CTA: Cross-Task Alignment for Better Test Time Training
This addresses robustness issues in computer vision for models facing domain shifts, representing an incremental improvement over existing test-time training methods.
The paper tackles the problem of deep learning models degrading under distribution shifts by introducing CTA, a cross-task alignment method for test-time training that improves robustness and generalization, achieving substantial gains over state-of-the-art on benchmark datasets.

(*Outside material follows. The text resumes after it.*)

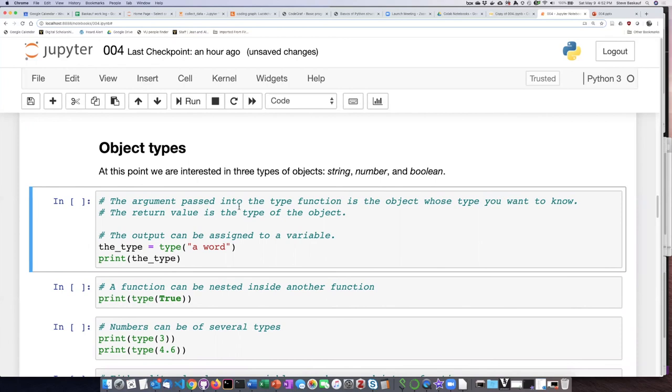But if you're writing a script that is just in a code editor or you're giving somebody a script that's not a part of the Jupyter notebook, then these comments turn out to be very valuable because they're actually a part of the code themselves.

Deep learning models have demonstrated exceptional performance across a wide range of computer vision tasks. However, their performance often degrades significantly when faced with distribution shifts, such as domain or dataset changes. Test-Time Training (TTT) has emerged as an effective method to enhance model robustness by incorporating an auxiliary unsupervised task during training and leveraging it for model updates at test time. In this work, we introduce CTA (Cross-Task Alignment), a novel approach for improving TTT. Unlike existing TTT methods, CTA does not require a specialized model architecture and instead takes inspiration from the success of multi-modal contrastive learning to align a supervised encoder with a self-supervised one. This process enforces alignment between the learned representations of both models, thereby mitigating the risk of gradient interference, preserving the intrinsic robustness of self-supervised learning and enabling more semantically meaningful updates at test-time. Experimental results demonstrate substantial improvements in robustness and generalization over the state-of-the-art on several benchmark datasets.